Tested the updated patch (bitwise `&` + path 3 removed) on 6.2.0-dev0 master (4767914):
| Test | Patch | current | 5xx | freed | Verdict | |------|-------|---------|-----|-------|---------| | Baseline (no patch) | no | 500 | 0 | 500/1000 | **LEAK** | | Updated patch | yes | **0** | 500 | 2000/2000 | **OK** | | Updated patch + `delayed_reply=0` | yes | **0** | 500 | 2000/2000 | **OK** |
Same results as the original 10-test matrix across 6.0.3/6.1.0/master -- removing path 3 has no effect since it was already unreachable after the `&` change.
Commit updated with path 3 removed and expanded commit message.
NormB left a comment (kamailio/kamailio#4644)
One more note on gaaf's point about whether the real cause is somewhere else -- he's right that the deeper architectural issue is `set_kr()` using `|=` to accumulate flags across unrelated TM operations within the same process. Fixing that properly would mean reworking every `set_kr()` caller (or scoping `_tm_kr` per-transaction instead of per-process), which is a much larger change.
The `&` check is the minimal defensive fix at the decision point -- it tolerates flag contamination from inline TM operations rather than trying to prevent it.
henningw left a comment (kamailio/kamailio#4644)
These tool generated text blocks are really hard to read. Just compare your last comment to your previous one, @NormB. It would be better if it would be actually you, who is commenting.
kill_transaction() vs t_release_transaction() -- safe. kill_transaction() checks has_reply_route() and FL_FINAL_REPLY first (t_funcs.c), and if a final reply was already sent,[..]
Also there is no has_reply_route() function in the whole tm module:
``` henning@app01.dev:~/repositories/kamailio/src/modules/tm$ ack has_reply_route henning@app01.dev:~/repositories/kamailio/src/modules/tm$ ```
NormB left a comment (kamailio/kamailio#4644)
I thought the change was originally a 1 character conditional update and the second just removed dead code.
Will go back and look at this again.
NormB left a comment (kamailio/kamailio#4644)
Sorry about that, sloppy on my part. I'll keep it in my own words going forward. Correction on the earlier comment: there's no `has_reply_route()` — I meant the `FL_FINAL_REPLY` check at the top of `kill_transaction()` (t_funcs.c:166).

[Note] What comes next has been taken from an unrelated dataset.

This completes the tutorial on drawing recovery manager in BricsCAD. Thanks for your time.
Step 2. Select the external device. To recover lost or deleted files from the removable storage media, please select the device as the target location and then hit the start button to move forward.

gaaf left a comment (kamailio/kamailio#4644)
I'm not familiar with that part of tm. I'm just worried about possible side-effects of changing long-standing code for multiple cases while fixing only a single failure case. Given the path 3 conditions, I do think the original `==` in path 1 was a deliberate choice and it should be checked very carefully if all path 3 conditions can be merged in path 1. That's why I suggested changing it only for the case at hand (`REQ_FWDED`) and evaluating against 2812bd9c426. Unfortunately, 2812bd9c426 does not provide a explanation on why it was added to path 3 instead of 1.
NormB left a comment (kamailio/kamailio#4644)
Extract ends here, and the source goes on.